*Task item:* Retype exactly the span of lines below from the one with "T-tomi textil TETRA" through the one with "Deep Red burgundy Heels like new". Do not include pictures.
╭─ Dataset content
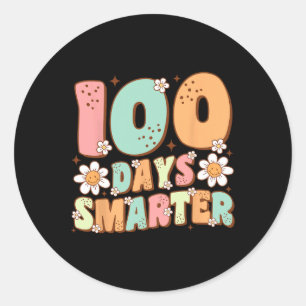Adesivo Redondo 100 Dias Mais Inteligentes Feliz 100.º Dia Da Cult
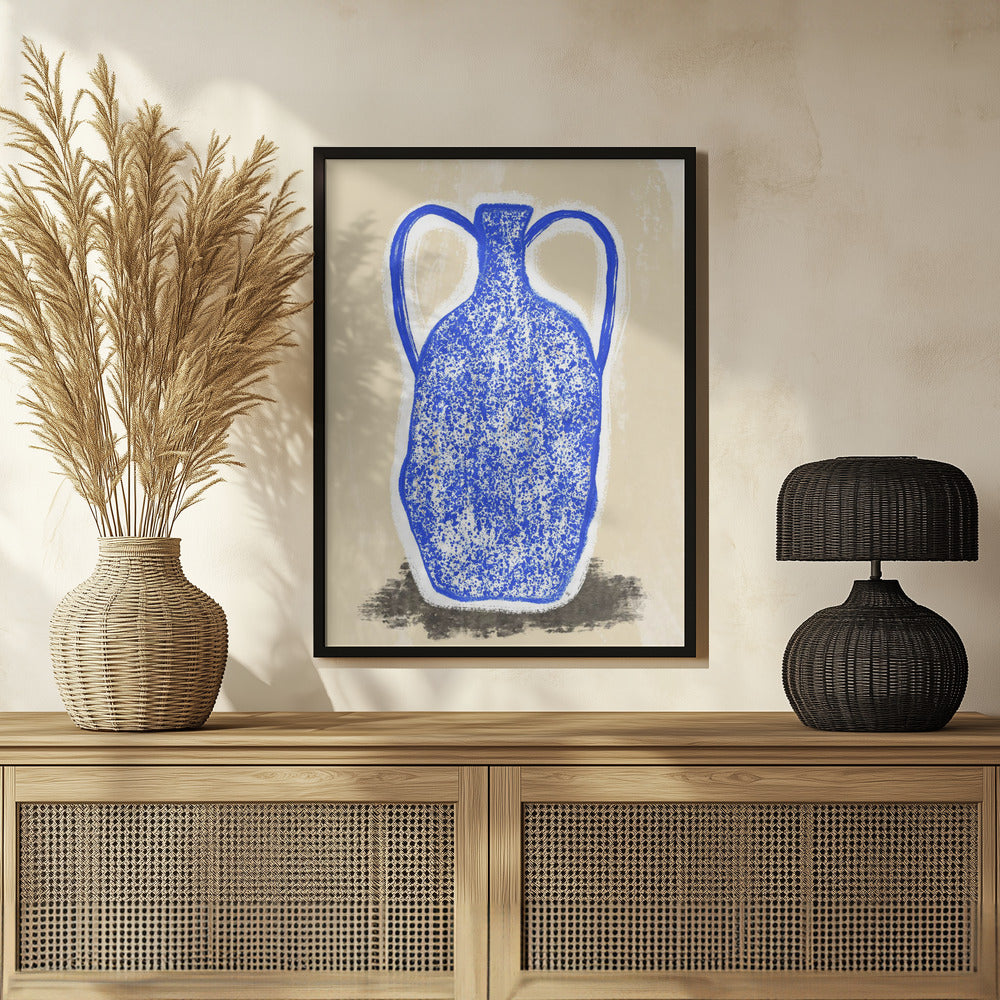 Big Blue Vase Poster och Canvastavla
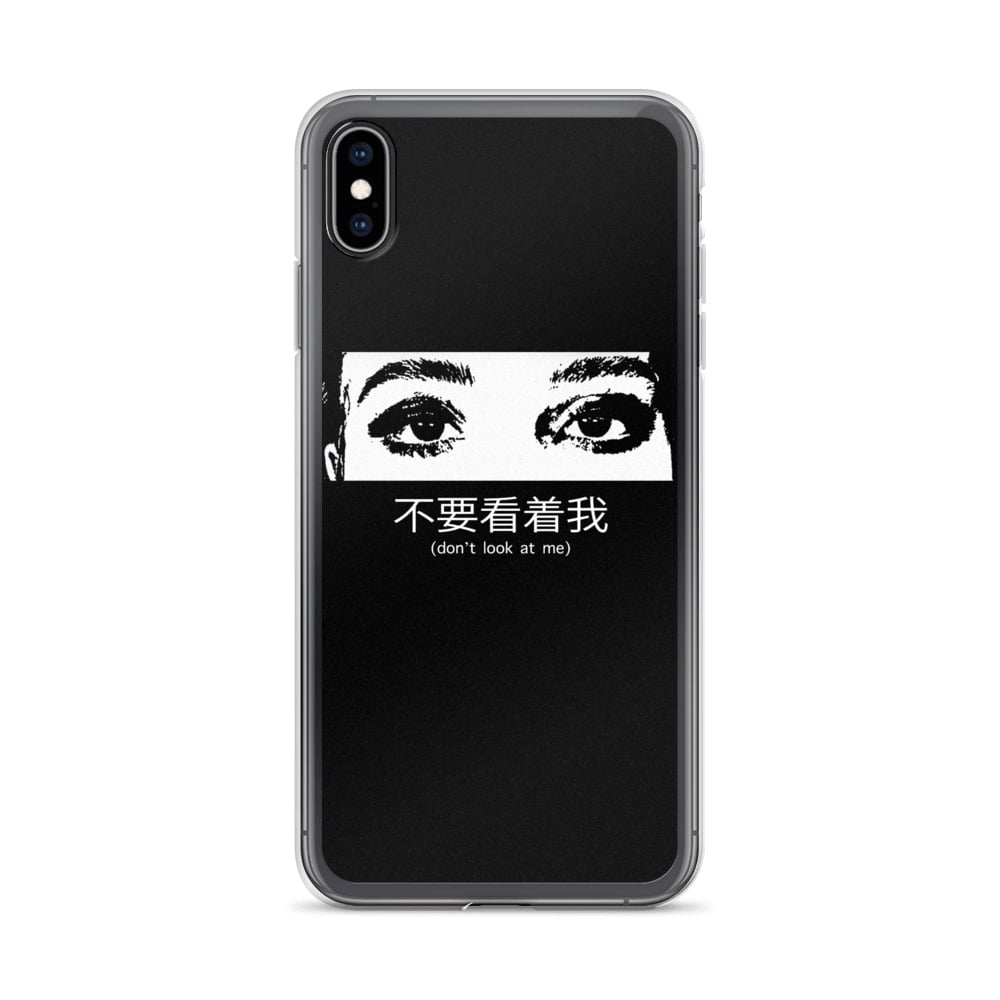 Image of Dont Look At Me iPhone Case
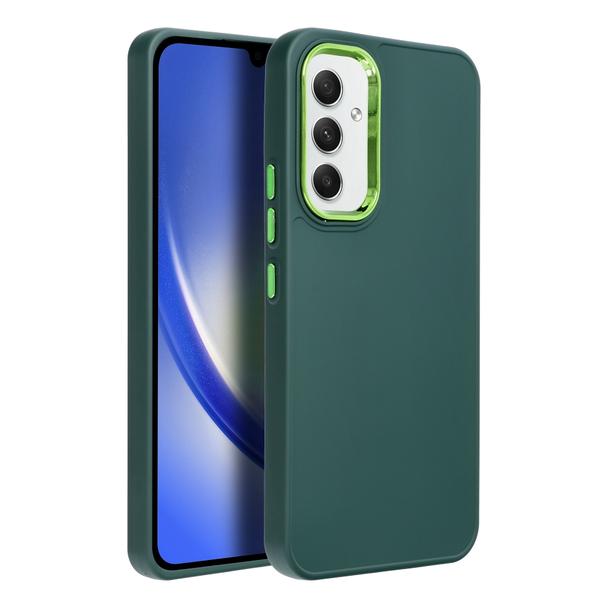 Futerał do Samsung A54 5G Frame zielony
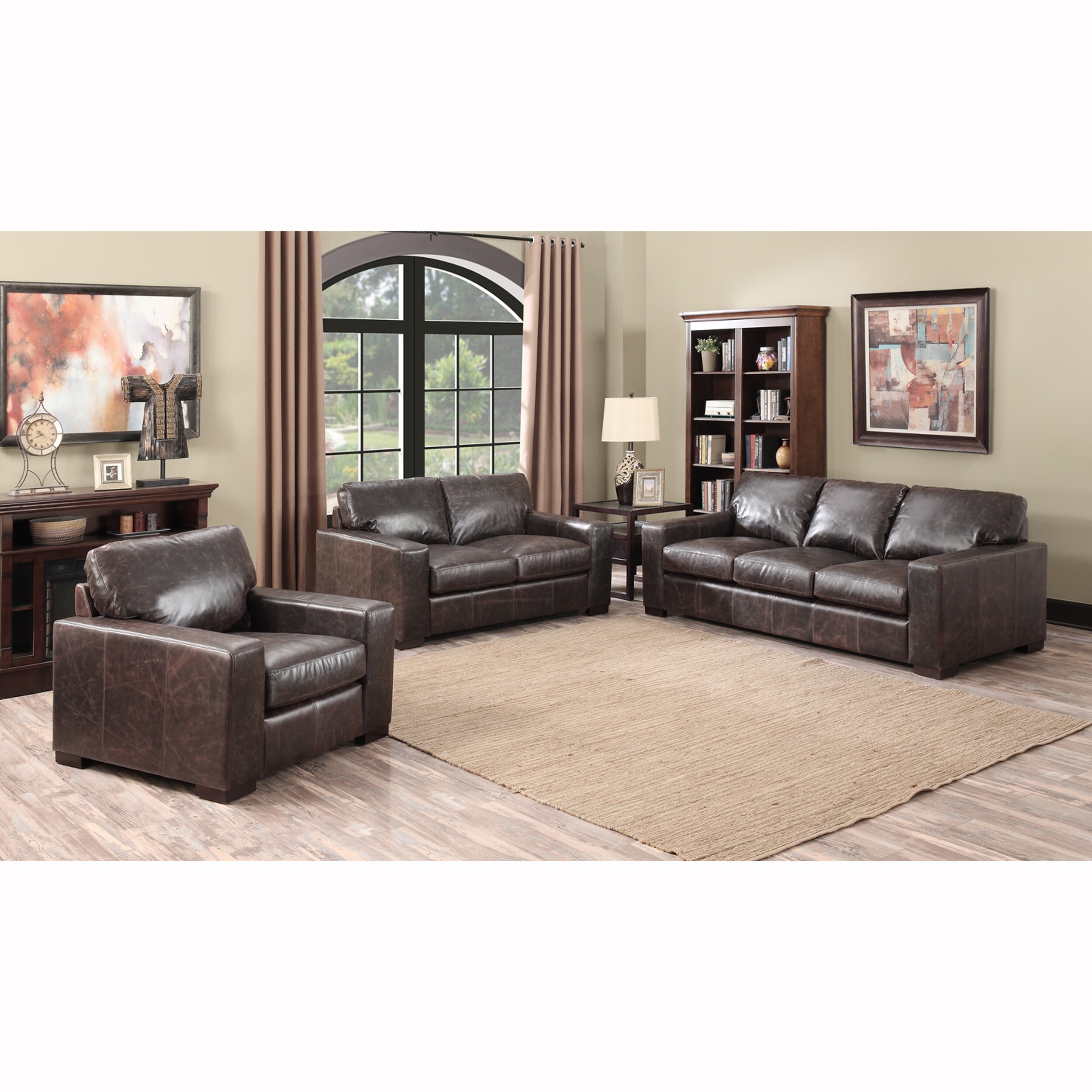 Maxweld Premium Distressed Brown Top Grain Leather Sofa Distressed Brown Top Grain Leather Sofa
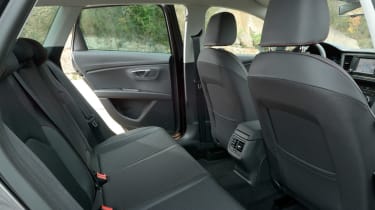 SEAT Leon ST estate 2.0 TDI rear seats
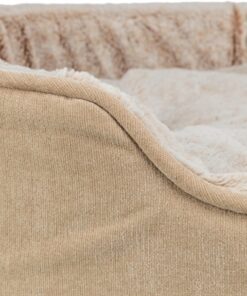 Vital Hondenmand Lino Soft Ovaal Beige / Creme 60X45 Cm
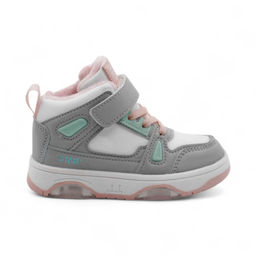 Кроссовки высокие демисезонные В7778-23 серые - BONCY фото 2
╰─
╭─ Dataset content
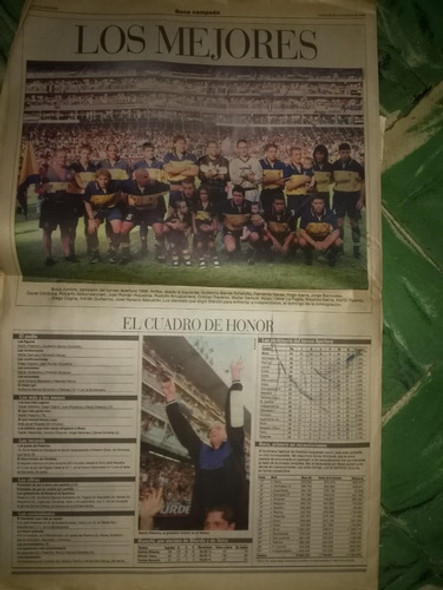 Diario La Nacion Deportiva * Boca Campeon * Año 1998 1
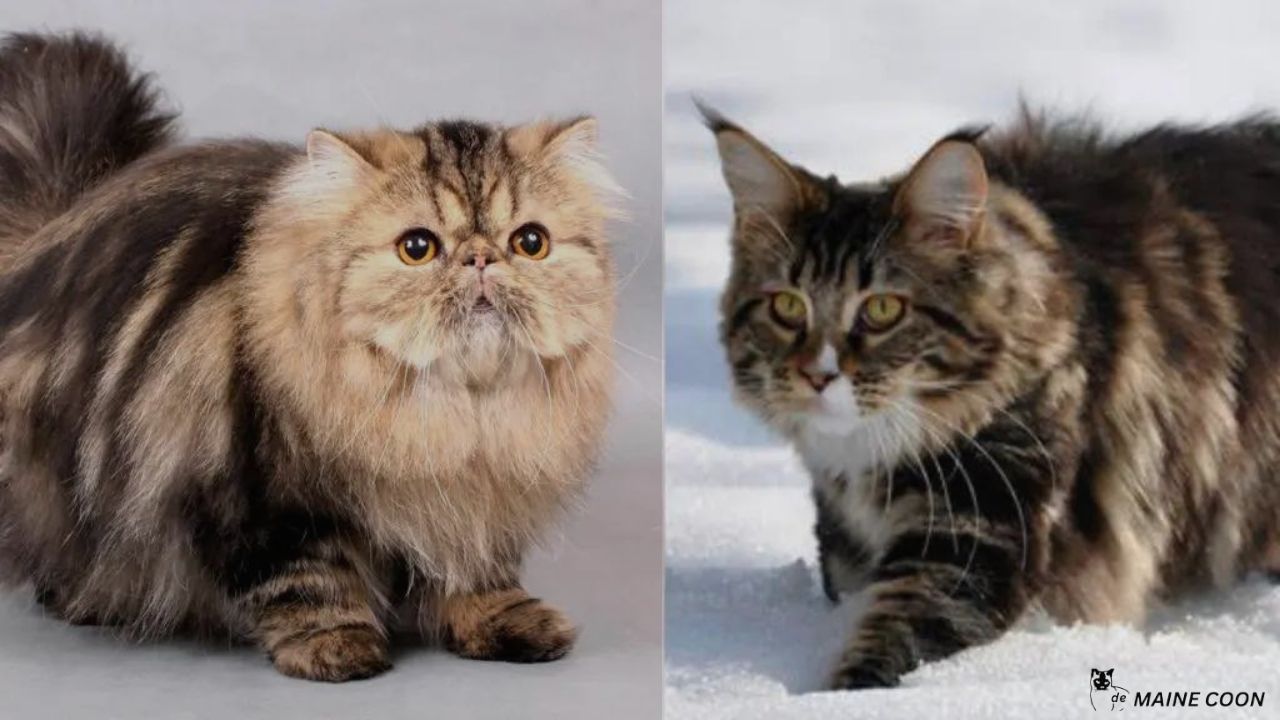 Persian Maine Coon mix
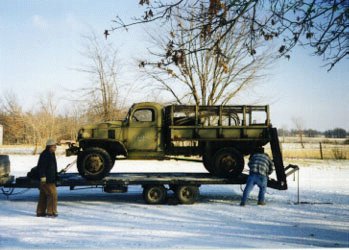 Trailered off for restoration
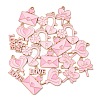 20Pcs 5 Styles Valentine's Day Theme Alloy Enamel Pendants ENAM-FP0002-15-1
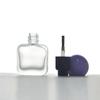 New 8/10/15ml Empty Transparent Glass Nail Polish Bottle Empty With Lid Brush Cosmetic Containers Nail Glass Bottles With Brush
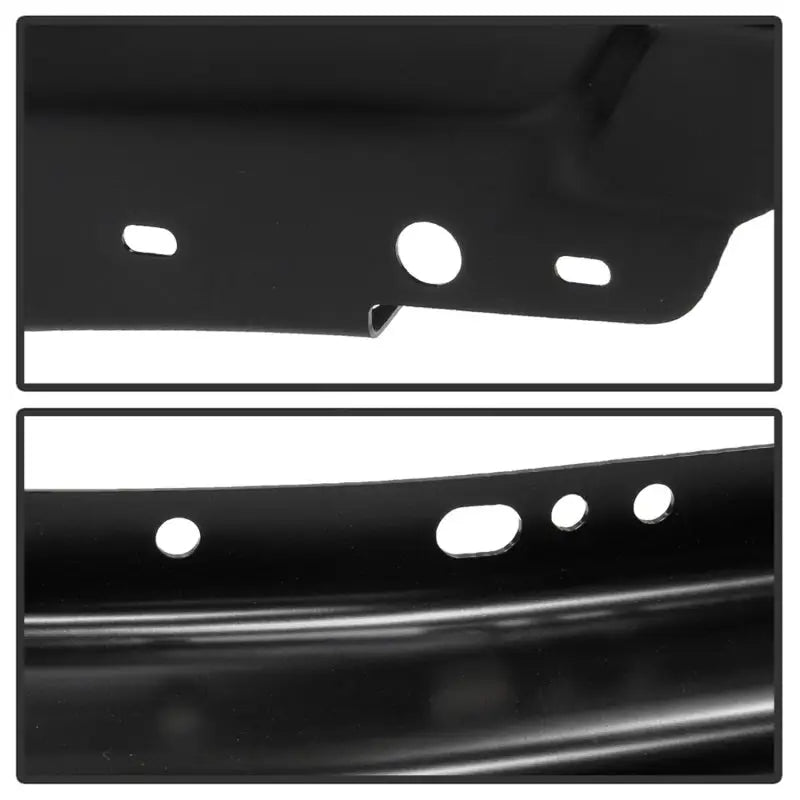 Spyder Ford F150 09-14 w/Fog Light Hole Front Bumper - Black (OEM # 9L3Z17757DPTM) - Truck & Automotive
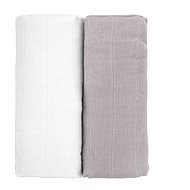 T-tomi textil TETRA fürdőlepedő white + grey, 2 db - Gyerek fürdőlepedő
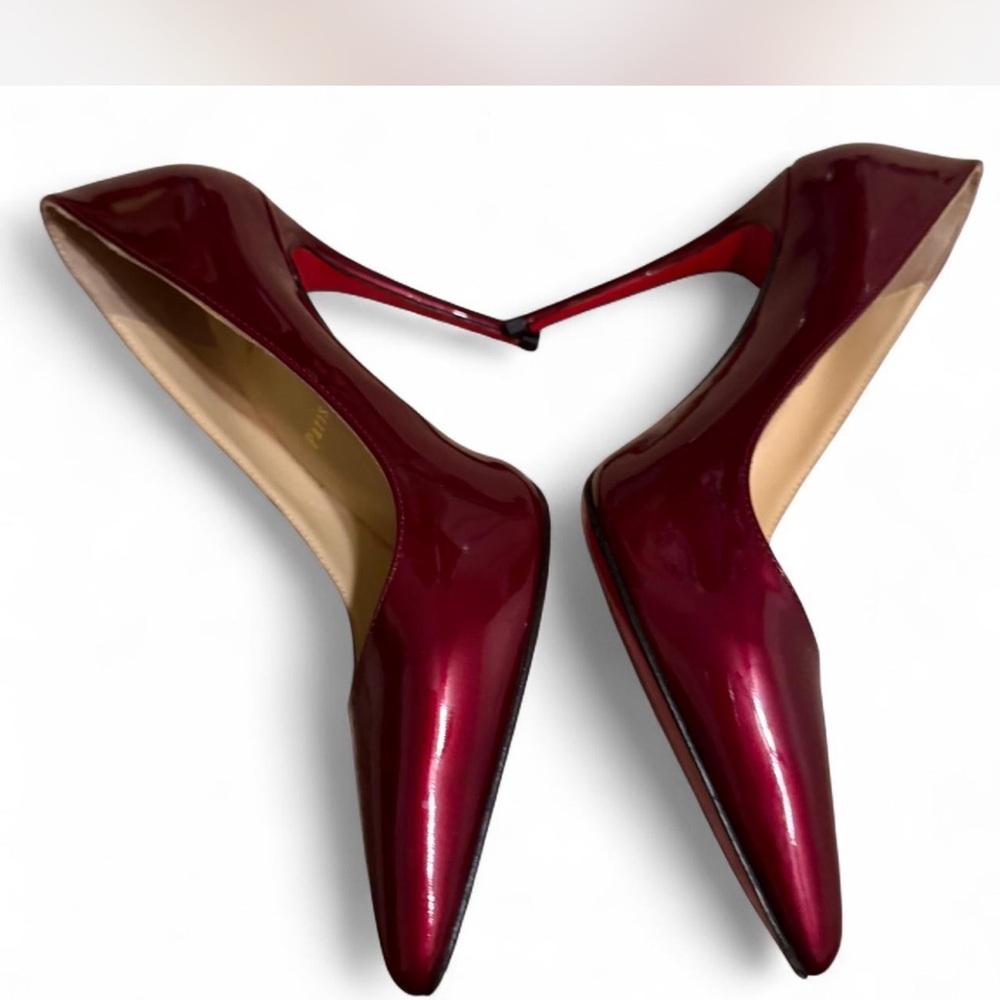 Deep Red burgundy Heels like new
╰─
*Response to this task:*
 T-tomi textil TETRA fürdőlepedő white + grey, 2 db - Gyerek fürdőlepedő
 Deep Red burgundy Heels like new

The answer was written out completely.